Task to carry out – Could you transcribe every entry below exactly, leaving out the pictures?

Given entries –
---------------

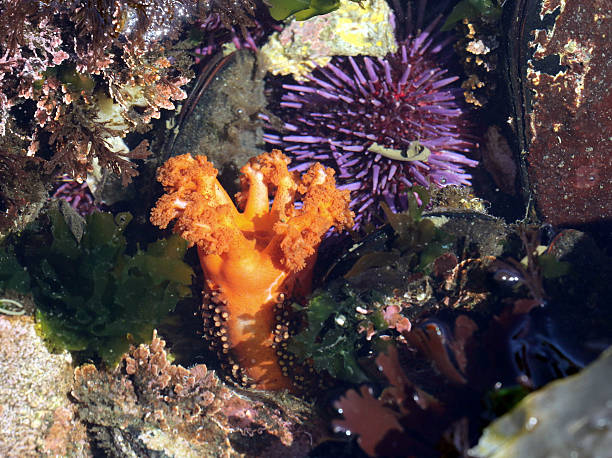 istock Orange Sea Cucumber - Cucumaria miniata 590068596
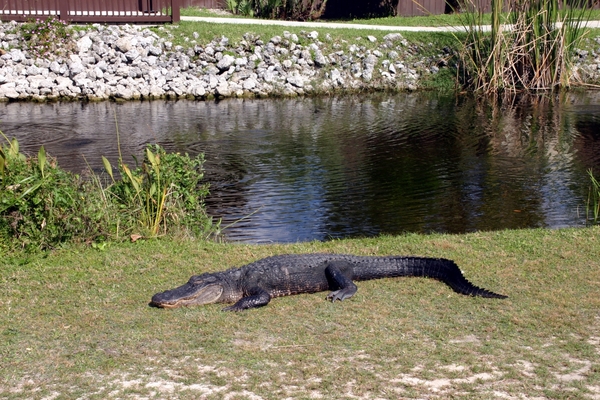 Al zo geen kleintje niet meer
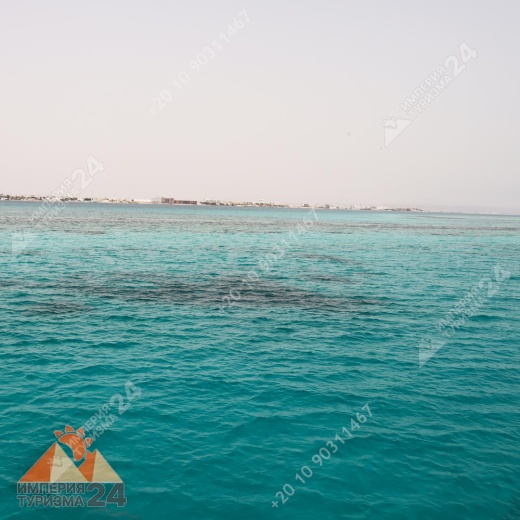 Экскурсия к Дому дельфинов в Хургаде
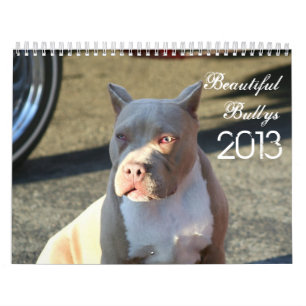 Beau calendrier de chien de Bullys 2013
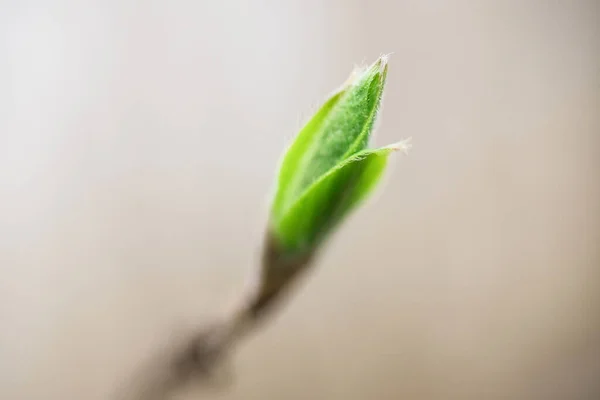 A bud on a tree close-up, macro photography. Spring. Blurred background.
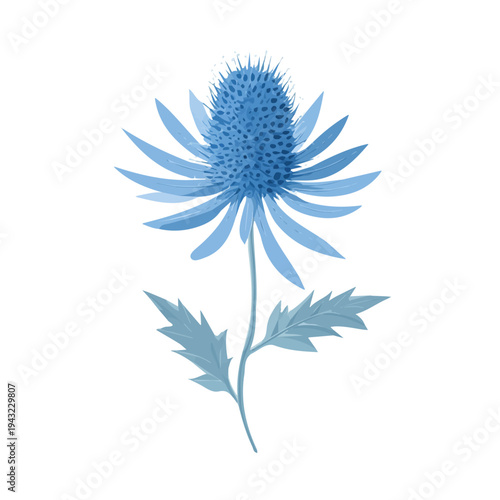 Sea Holly, modern 2D flat vector illustration in icon style, isolated on pure white background.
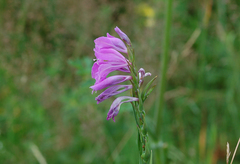 Gladiolus imbricatus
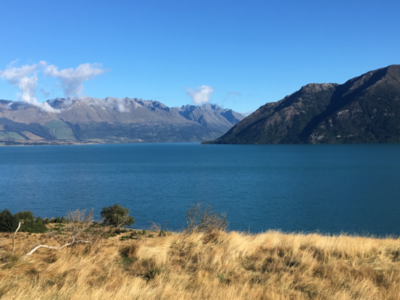 March 2020 - Physio Direct NZ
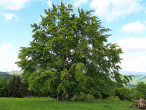 buk lesný (Fagus sylvatica) - ako solitér
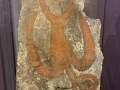 Rapa-Nui-Museum-012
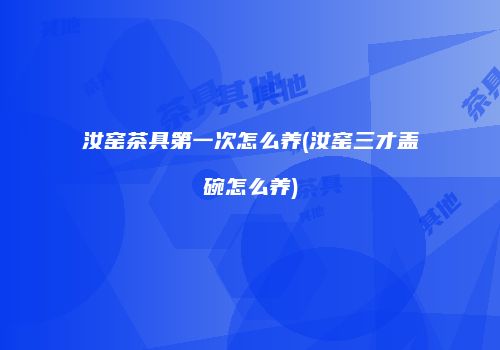 汝窑茶具第一次怎么养(汝窑三才盖碗怎么养)
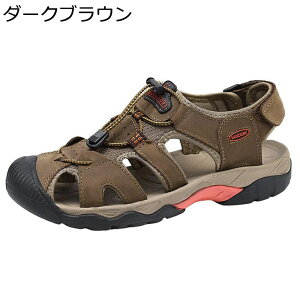 X|[cT_ 29.0cm ?O U[ ܐی Y {v p ėp EH[^[T_ AEghA Xj[J[ y ~ ϏՌ }WbNe[v  J WA L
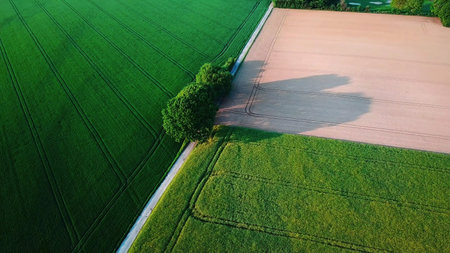 Green field aerial view with tree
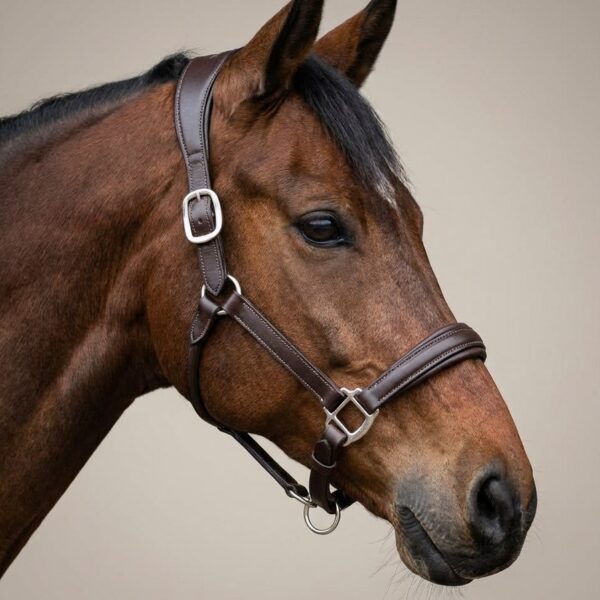 Кожаный анатомический недоуздок Runo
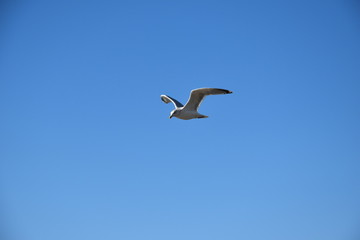 Seagull at the coast of the Netherlands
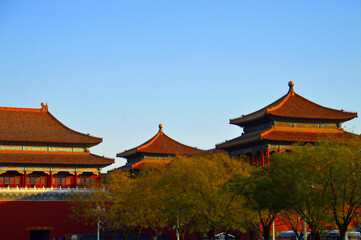 Fototapeta premium Forbidden City palace roofs framed by autumn trees in Beijing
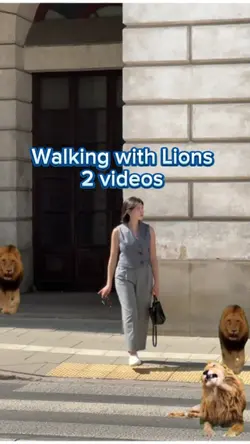 Walking with Lions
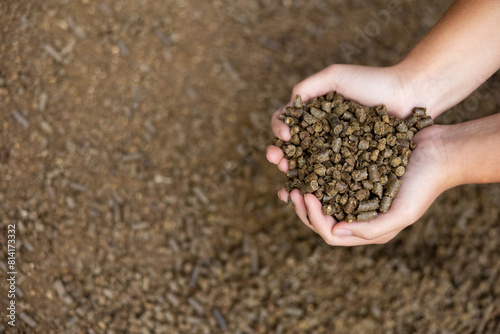 Female farmer hands folded in shape of heart holding handful of calf pellets, high quality organic granulated feed containing cereals, soybean meal and cottonseed meal. Cropped shot..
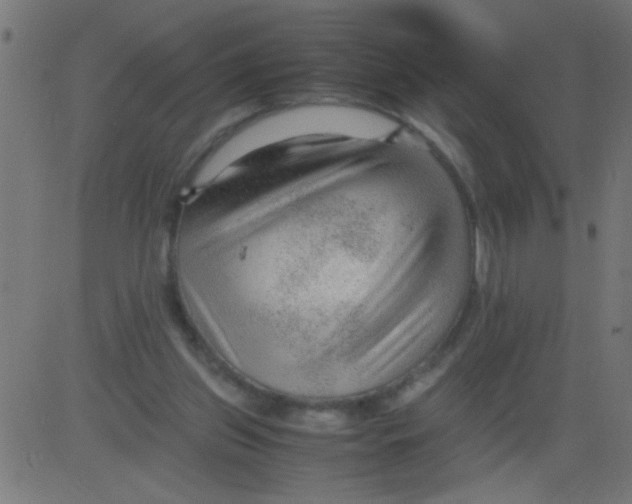 X0000081290157200702012253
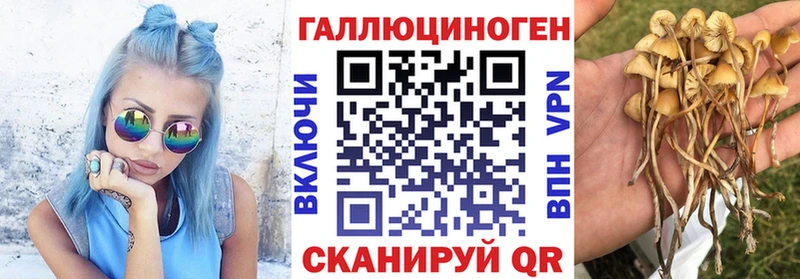 гидра ТОР  Карпинск  Галлюциногенные грибы ЛСД  продажа наркотиков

---------------

Reply –
 istock Orange Sea Cucumber - Cucumaria miniata 590068596
 Al zo geen kleintje niet meer
 Экскурсия к Дому дельфинов в Хургаде
 Beau calendrier de chien de Bullys 2013
 A bud on a tree close-up, macro photography. Spring. Blurred background.
 Sea Holly, modern 2D flat vector illustration in icon style, isolated on pure white background.
 Gladiolus imbricatus
 March 2020 - Physio Direct NZ
 buk lesný (Fagus sylvatica) - ako solitér
 Rapa-Nui-Museum-012
 汝窑茶具第一次怎么养(汝窑三才盖碗怎么养)
 X|[cT_ 29.0cm ?O U[ ܐی Y {v p ėp EH[^[T_ AEghA Xj[J[ y ~ ϏՌ }WbNe[v  J WA L
 Green field aerial view with tree
 Кожаный анатомический недоуздок Runo
 Seagull at the coast of the Netherlands
 Fototapeta premium Forbidden City palace roofs framed by autumn trees in Beijing
 Walking with Lions
 Female farmer hands folded in shape of heart holding handful of calf pellets, high quality organic granulated feed containing cereals, soybean meal and cottonseed meal. Cropped shot..
 X0000081290157200702012253
 гидра ТОР  Карпинск  Галлюциногенные грибы ЛСД  продажа наркотиков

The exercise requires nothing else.